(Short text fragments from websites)
··········

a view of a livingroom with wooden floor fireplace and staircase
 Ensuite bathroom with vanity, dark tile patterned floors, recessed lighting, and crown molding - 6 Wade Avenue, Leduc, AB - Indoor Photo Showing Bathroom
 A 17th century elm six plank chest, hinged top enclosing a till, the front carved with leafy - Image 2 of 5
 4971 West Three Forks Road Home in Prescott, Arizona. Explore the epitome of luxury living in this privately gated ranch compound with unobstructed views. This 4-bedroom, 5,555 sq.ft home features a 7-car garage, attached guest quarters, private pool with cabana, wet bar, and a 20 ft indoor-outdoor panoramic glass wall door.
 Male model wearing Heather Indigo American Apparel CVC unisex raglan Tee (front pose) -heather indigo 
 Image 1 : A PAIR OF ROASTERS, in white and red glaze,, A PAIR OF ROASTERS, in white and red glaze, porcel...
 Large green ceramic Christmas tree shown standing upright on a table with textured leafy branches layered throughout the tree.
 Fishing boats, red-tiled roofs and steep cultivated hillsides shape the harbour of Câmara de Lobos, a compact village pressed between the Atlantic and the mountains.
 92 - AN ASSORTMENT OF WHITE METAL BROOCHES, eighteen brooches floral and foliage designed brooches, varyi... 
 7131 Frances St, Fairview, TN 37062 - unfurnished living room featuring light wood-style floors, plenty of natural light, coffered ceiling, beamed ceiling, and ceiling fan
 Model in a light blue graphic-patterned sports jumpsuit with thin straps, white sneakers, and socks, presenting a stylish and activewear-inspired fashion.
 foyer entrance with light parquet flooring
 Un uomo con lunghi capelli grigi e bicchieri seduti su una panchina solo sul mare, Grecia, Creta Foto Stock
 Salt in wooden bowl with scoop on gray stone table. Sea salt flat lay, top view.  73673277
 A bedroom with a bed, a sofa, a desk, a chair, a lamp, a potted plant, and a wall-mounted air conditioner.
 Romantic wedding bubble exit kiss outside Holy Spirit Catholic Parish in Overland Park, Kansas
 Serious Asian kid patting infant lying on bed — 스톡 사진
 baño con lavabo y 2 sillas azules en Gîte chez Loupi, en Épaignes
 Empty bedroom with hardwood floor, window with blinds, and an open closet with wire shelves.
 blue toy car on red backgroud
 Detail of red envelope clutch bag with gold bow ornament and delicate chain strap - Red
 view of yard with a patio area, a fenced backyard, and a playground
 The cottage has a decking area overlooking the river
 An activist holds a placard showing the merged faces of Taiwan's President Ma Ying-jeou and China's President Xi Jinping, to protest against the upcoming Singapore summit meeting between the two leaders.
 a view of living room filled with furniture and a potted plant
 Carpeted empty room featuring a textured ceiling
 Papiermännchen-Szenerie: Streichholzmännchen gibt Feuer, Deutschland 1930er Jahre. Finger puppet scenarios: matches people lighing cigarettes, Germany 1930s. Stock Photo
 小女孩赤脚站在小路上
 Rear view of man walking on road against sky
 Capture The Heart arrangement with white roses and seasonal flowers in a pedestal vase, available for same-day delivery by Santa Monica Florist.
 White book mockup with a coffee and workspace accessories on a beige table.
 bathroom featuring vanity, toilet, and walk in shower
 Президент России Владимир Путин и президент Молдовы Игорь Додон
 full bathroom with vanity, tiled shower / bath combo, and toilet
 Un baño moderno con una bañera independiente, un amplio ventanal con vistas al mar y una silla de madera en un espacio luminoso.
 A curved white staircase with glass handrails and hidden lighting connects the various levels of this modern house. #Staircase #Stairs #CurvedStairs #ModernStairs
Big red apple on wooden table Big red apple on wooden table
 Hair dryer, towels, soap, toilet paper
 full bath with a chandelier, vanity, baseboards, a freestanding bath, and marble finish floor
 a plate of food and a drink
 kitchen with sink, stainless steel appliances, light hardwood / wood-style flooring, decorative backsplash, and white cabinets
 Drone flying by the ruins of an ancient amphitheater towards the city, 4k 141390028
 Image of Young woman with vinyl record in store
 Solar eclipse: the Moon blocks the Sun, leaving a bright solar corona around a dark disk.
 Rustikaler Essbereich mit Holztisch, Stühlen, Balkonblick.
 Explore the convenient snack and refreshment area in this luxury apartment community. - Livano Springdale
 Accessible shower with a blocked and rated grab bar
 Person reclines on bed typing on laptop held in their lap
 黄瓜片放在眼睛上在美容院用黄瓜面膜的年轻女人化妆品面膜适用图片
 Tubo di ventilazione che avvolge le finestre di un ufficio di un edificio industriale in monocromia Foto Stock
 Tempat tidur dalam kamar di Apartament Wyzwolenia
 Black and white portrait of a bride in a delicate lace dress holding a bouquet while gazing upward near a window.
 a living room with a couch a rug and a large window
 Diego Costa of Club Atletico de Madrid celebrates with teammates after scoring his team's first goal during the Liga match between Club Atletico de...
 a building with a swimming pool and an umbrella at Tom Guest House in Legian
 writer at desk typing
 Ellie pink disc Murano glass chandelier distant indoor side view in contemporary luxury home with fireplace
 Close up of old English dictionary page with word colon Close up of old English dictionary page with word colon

··········

What to work on: Please output only the lines from the one holding "黄瓜片放在眼睛上在美容院用黄瓜面膜的年轻女人化妆品面膜适用图片" to the end of the records, first and last included, exactly as they appear.

Finished task:
 黄瓜片放在眼睛上在美容院用黄瓜面膜的年轻女人化妆品面膜适用图片
 Tubo di ventilazione che avvolge le finestre di un ufficio di un edificio industriale in monocromia Foto Stock
 Tempat tidur dalam kamar di Apartament Wyzwolenia
 Black and white portrait of a bride in a delicate lace dress holding a bouquet while gazing upward near a window.
 a living room with a couch a rug and a large window
 Diego Costa of Club Atletico de Madrid celebrates with teammates after scoring his team's first goal during the Liga match between Club Atletico de...
 a building with a swimming pool and an umbrella at Tom Guest House in Legian
 writer at desk typing
 Ellie pink disc Murano glass chandelier distant indoor side view in contemporary luxury home with fireplace
 Close up of old English dictionary page with word colon Close up of old English dictionary page with word colon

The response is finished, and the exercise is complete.